Granted a correspondence of animals, anthropomorphism, and celestialism, we are faced with a question that Breuil did not address: could the similarities have originated some ten thousand years apart in time and thousands of kilometers apart in space? Perhaps, but one may also entertain the hypothesis that the two cultures were much closer in time and space. In this connection, it needs be recalled that the Magdalenian Upper-Paleolithic cavepainters of the West have now been shown to have counterparts as far distant as the Caucasus, Azov, Central Asia, Siberia and Bashkir  . If there is a connection, and not a ten-thousand year re-invention, Upper-Paleolithic cultures would be not Lunarian, but post-Saturnian, probably. They would be survivors of the Atlantis and other shelf flooding, according to the theory to be advanced in the coming chapter on Saturn.
The Bison as Real, as Human, and as Divine
(Source: H. Breuil, 1909, 250-4.)
The renowned Abbe Breuil, speliolgist and anthropologist brought together in 1909 the bison of the Franco-Spanish cave drawings and of archaic and ancient Chaldeans. As the drawings of the Figure demonstrate the Chaldeans knew the bison (a) and depicted it anthropomorphically as "the heavenly bull." (b. c.). The "Upper Paleolithic" hunters appear to have done the same; perfectly capable of painting bisons, as attested by hundreds of examples, they too drew the bison anthropomorphically and, probably, sacredly and celestially (d, e and f). Once more the questions of chronological confusion arises; a gap of eight thousand years or so seems too great to bridge two sets of similar experiences and ideas.
It is barely possible that Tiahuanacu, high in the Bolivian-Peruvian Andes, south of Lake Titicaca, is the only known Uranian site that can be called a "central site" as against "survivor sites". Poznansky says that the first period of Tiahuanacu began with "troglodytes" and flourished with large buildings of sandstone adorned with, among other features, many ordered sculptured heads, and snakes. Idols with folded arms, reminiscent of the Cycladic Aegean idols, are found (the dates seem impossibly divergent)  . The climate then was rainy and equatorial.
The period ended, it appears, in "great tectonic movements" which "in some way or another changed the physical aspect of the continent. These alterations on the Altiplano were perhaps the repercussion of great cataclysms and evolutions which were taking place in other locations. Moreover, the latter were perhaps the cause of the migration to the Altiplano of many tribes of the Arawaks from the East, terrified and fleeing from the places where these phenomena were being produced in all their vigor."  Bellamy writes that the first period ended in deluges of salt waters, showing either that the land sank or that the sea rose and that in either event the city must have been at sea level  .

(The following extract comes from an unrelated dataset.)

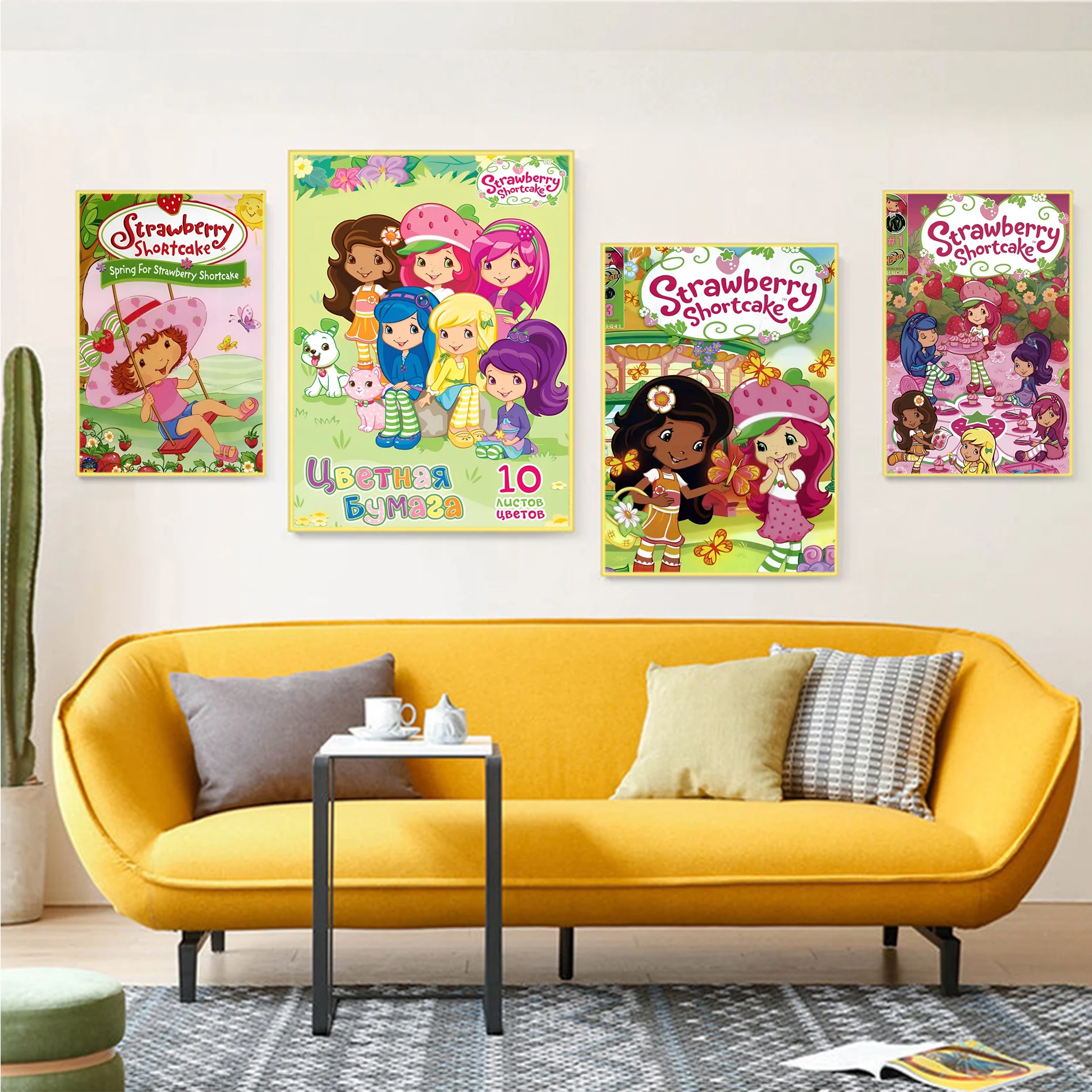 

Strawberry Shortcake Retro Kraft Paper Poster For Living Room Bar Decoration Decor Art Wall Stickers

But what sea? If Uranian there would have been floods from the many disturbances of motion and atmosphere, probably salt-floods, but no great sea basin. If Lunarian, the city would have been raised high and no doubt could have been flooded before the event by the tsunamis of the earth cleavage and lunar eruption, or after the event by continued sky deluges; but then the city is unlikely to have been built during the terrible years of Lunaria. So a third possibility occurs of its having been flooded in the end of Saturnian times and raised up then or during later catastrophes (as during the Venusian interruption). However there were four more periods and then came the Incas, according to Poznansky. Probably all of them ended catastrophically.
Conventional dating of Tiahuanacu is actually as late as the present era. Poznansky, who was the most important figure in Tiahuanacu studies, accepted an astronomically retrocalculated dating of 15,000 B. C. for the younger, "classical" period and a much earlier date for the first period. Bellamy, on the basis of his studies of the astonishingly detailed Calendar and Idol of Tiahuanacu assigned 27,000 years to the two and to the Classical period  . Bellamy was pursuing the career of a postulated prelunar Satellite and believed the satellite to have collapsed shortly thereafter, with a world-wide catastrophe, and then that after a period without satellite, the Earth captured the Moon about 11,500 to 13,500 years ago this being originally the theory of Hoerbiger (and again world-wide catastrophe occurred upon capture.)
The Hoerbiger-Bellamy work is important and masterly, even if quite disbelieved by other scientists. Yet, for reasons that would require another set of chapters to explain, I would seek to collapse the two events (the pre-lunar satellite and moon itself) into the encounters between the Earth and Uranus Minor, with the Moon erupting (not captured) in consequence. Then low-lying Tiahuanacu I would be Uranian; classical Tiahuanacu II (in the high Andes) would be late Lunarian with obsessive studies and calendarizing of a changing and much different moon cycle than the present cycle. The flooding of Tiahuanacu I would have occurred as it slipped into waters at the edge of the sink from which the Moon had erupted, whereupon it would have been lifted from the deeps by the westward shoving of the South American crustal plate. The desolate site would have been occupied by Lunarian survivors and rebuilt.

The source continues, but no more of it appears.